When Susie asked, Warren gave. Unyielding about how he spent his time, he gave in to her on almost everything else. This was the year they remodeled the house. Already the biggest on the block, under Susie’s direction a new wing replaced the old garage, giving the neighborhood kids a place to gather in a new family room. Warren was excited at having his own racquetball court in the basement underneath—like Ping-Pong on a human-size scale—where he took his friends and business colleagues to play.
But even though Warren was like a kid in many ways, and Susie wished he were a more attentive father, he was loyal and committed: He showed up at school events and took the children on vacations. The year of “White Rabbit” and Sgt. Pepper’s Lonely Hearts Club Band, 1967, marked the apex of the rock-and-roll drug culture, but with Susie Jr. in eighth grade, Howie in sixth, and Peter in third, the Buffetts were blessedly free of worries faced by many other parents.
Susie Jr. had developed from a timid child to a self-sufficient teen and the undisputed boss of her siblings. A rock-and-roll girl, she introduced her brothers to groups like the Byrds and the Kinks. She was a straight kid, however, not sucked into the druggy element at school.

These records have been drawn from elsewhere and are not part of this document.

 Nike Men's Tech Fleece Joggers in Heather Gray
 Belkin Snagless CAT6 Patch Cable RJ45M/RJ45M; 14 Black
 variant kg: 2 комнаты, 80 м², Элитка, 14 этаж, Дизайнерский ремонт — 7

Howie, now twelve, was still young enough to try to scare his sister and her friends by looming from the crabapple tree outside her window in a gorilla costume. But his pranks were getting more sophisticated, and more dangerous. He put Scout the dog on the roof, went downstairs, and called him to see if he would come. Scout did, and wound up at the vet with a broken leg. “Well, I just wanted to see if he would come,” Howie protested.2 To foil his mother from periodically locking him in his room out of frustration, he bought a lock at a hardware store and started locking her out. Peter spent hours at the piano, playing by himself or with his friend Lars Erickson. He was winning talent shows and seemed as absorbed in his music as his father was in making money.

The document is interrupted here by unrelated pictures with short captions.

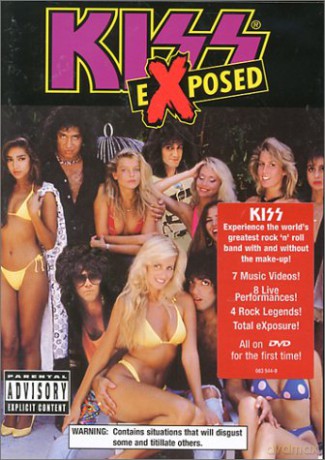 Kiss: Exposed [DVD]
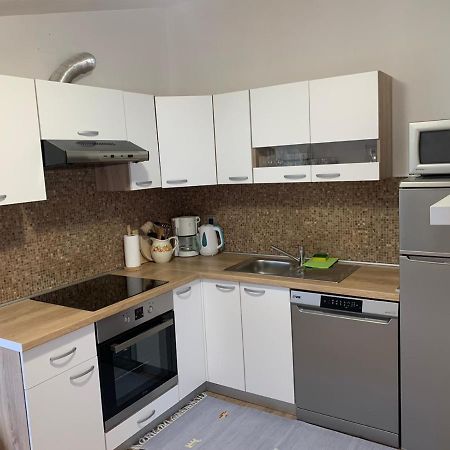 Apartman "Anna" Брибир Екстериор снимка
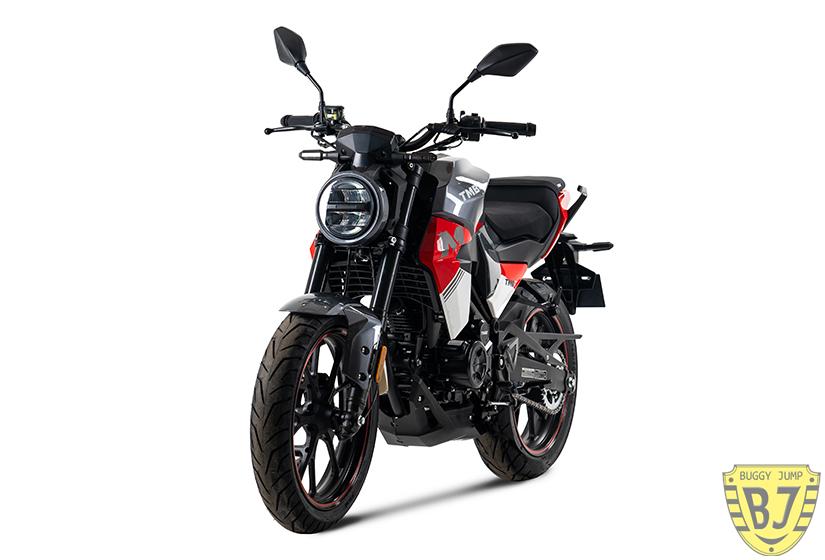 Мотоцикл TMBK MONTANA 250
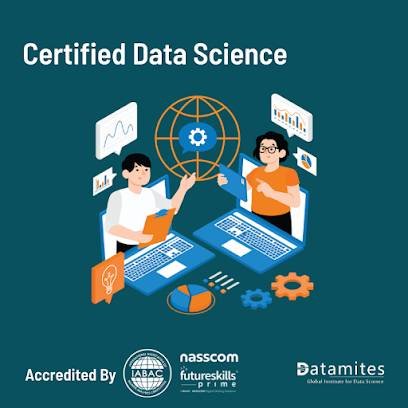 Datamites Data Science, Analyst & AI Courses in Lucknow
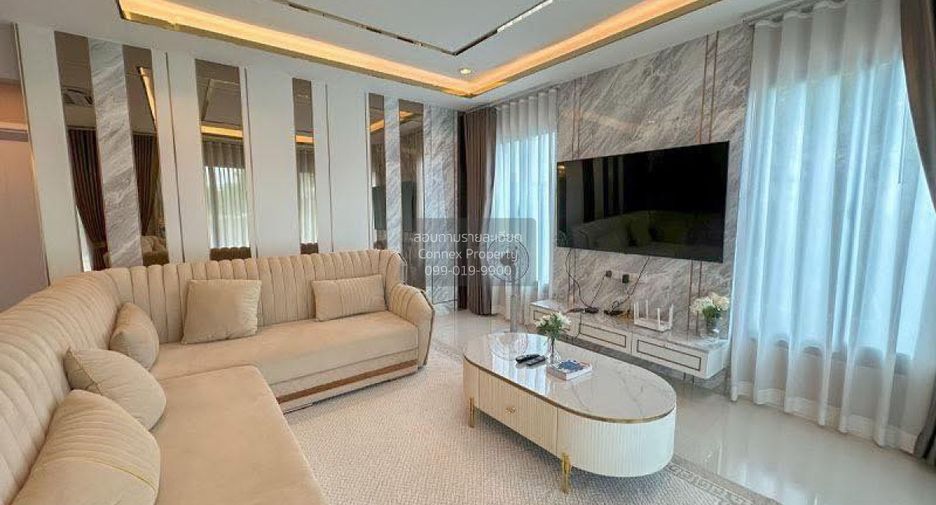 For rent 4 ベッドルーム house in Bang Khae, Bangkok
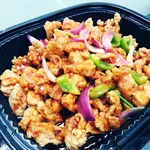 酸甜鸡丁 Sweet & Sour Chicken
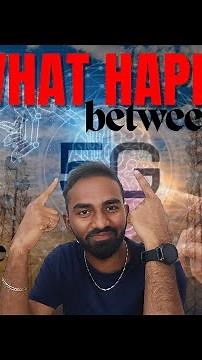 "1G to 5G Explained: The Evolution of Mobile Networks (What Changed?)" || @gmr_tech_arena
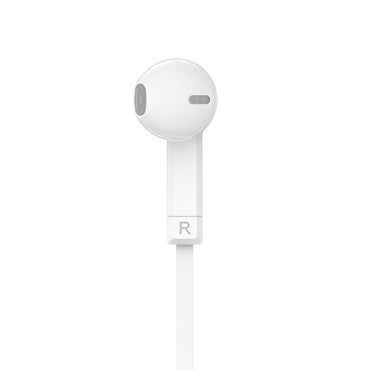 HAVIT E336C USB-C Headphones with Microphone | White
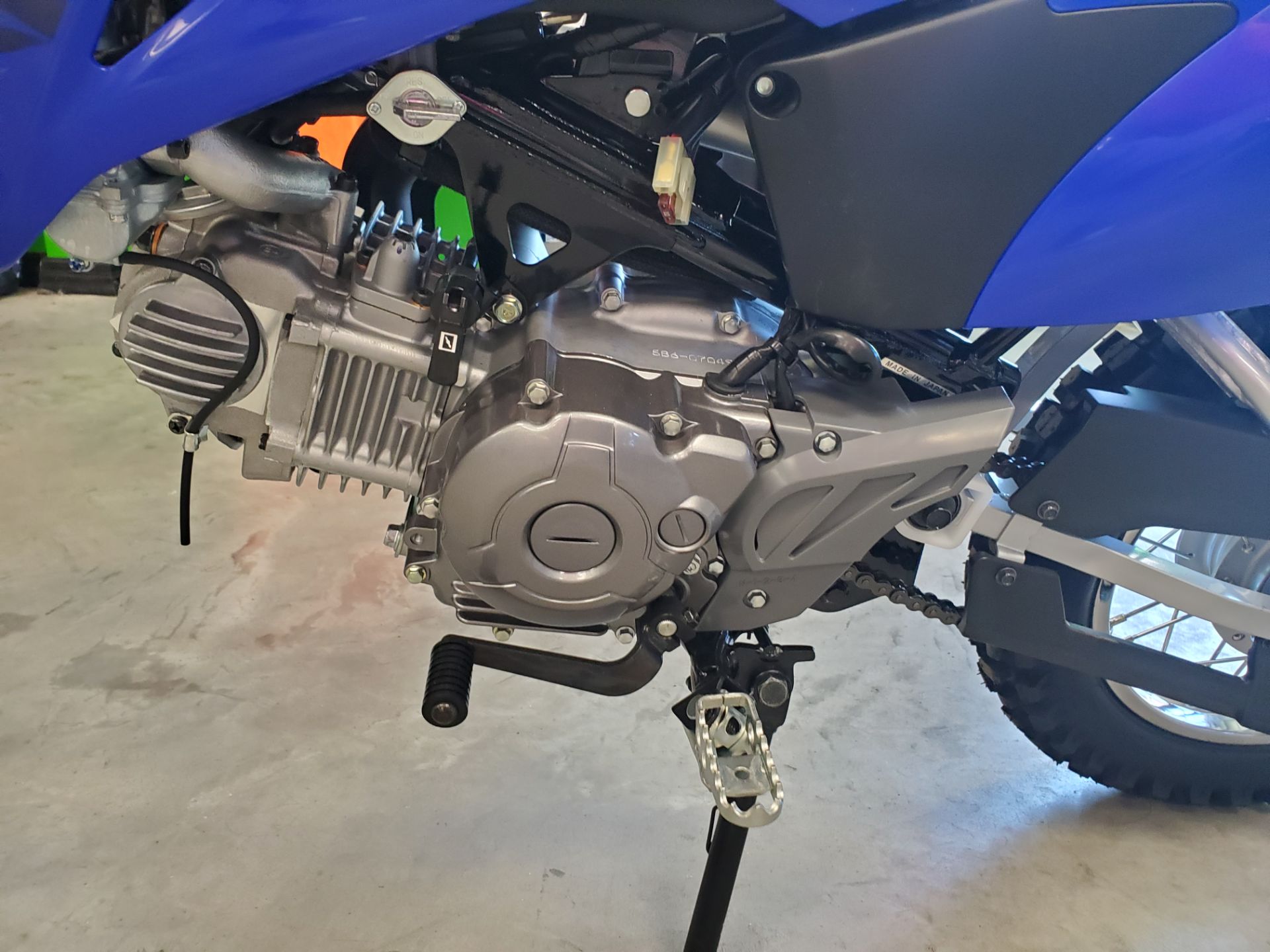 2022 Yamaha TT-R110E in Marion, Illinois - Photo 11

The one person in the family who was seduced by the dark side of the psychedelic sixties was seventeen-year-old Billy Rogers, son of Susie’s sister, Dottie, now a budding jazz guitarist who was experimenting with drugs. His mother did some volunteer work and was an expert seamstress, but she also slept until noon, seemed paralyzed by making decisions, and at times was so distant and vague that it was literally impossible to carry on a coherent conversation with her. Dottie was drinking more and not paying attention to her kids. Susie often took Billy to watch Calvin Keys, a local jazz guitar player—so that Billy could learn technique from him, but also to try to straighten Billy out.3
She faced a daunting task in an era when the drug culture of pot and LSD was ubiquitous and Timothy Leary invited America to “Turn on, tune in, drop out.” The youth-led counterculture was rebelling against all forms of authority, everything for which the prior decades had stood. “This ain’t Eisenhower’s America no more,” said one of the hundred thousand hippies milling about San Francisco’s Haight-Ashbury that summer, as if that were explanation enough.4
Warren still lived in Eisenhower’s America. He had never suffered from Beatlemania. His state of consciousness remained unaltered. His mind was deep in rigorous philosophical inquiry, torn between the cigar-butt philosophy of Ben Graham and the “great businesses” of Phil Fisher and Charlie Munger.

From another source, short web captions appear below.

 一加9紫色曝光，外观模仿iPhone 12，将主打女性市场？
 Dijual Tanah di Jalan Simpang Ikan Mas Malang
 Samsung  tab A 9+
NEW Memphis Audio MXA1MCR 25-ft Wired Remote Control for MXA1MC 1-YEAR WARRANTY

“I was in this Charlie Munger–influenced type transition—sort of back and forth. It was kind of like during the Protestant Reformation. And I would listen to Martin Luther one day and the Pope the next. Ben Graham, of course, being the Pope.”
While Munger was nailing his theses on the door of the Cigar Butt Cathedral, the market itself had abandoned all authorities past and present; as the 1960s progressed, chatter about stocks enlivened cocktail parties, and housewives called their brokers from the beauty parlor. Trading volumes were up by one-third.5 Buffett, at thirty-six, felt like a grizzled old man in a world that craved Transitron, Polaroid, Xerox, Electronic Data Systems—companies whose technology he did not understand. He told his partners that he was slowing down. “We simply don’t have that many good ideas,” he wrote.6
Yet he did not relax his rules in search of ways to keep the money at work. Instead, he laid out two new restrictions that would make it even harder for him to invest. These personal preferences now became part of the official canon.
1. We will not go into businesses where technology which is way over my head is crucial to the investment decision. I know about as much about semiconductors or integrated circuits as I do of the mating habits of the chrzaszcz.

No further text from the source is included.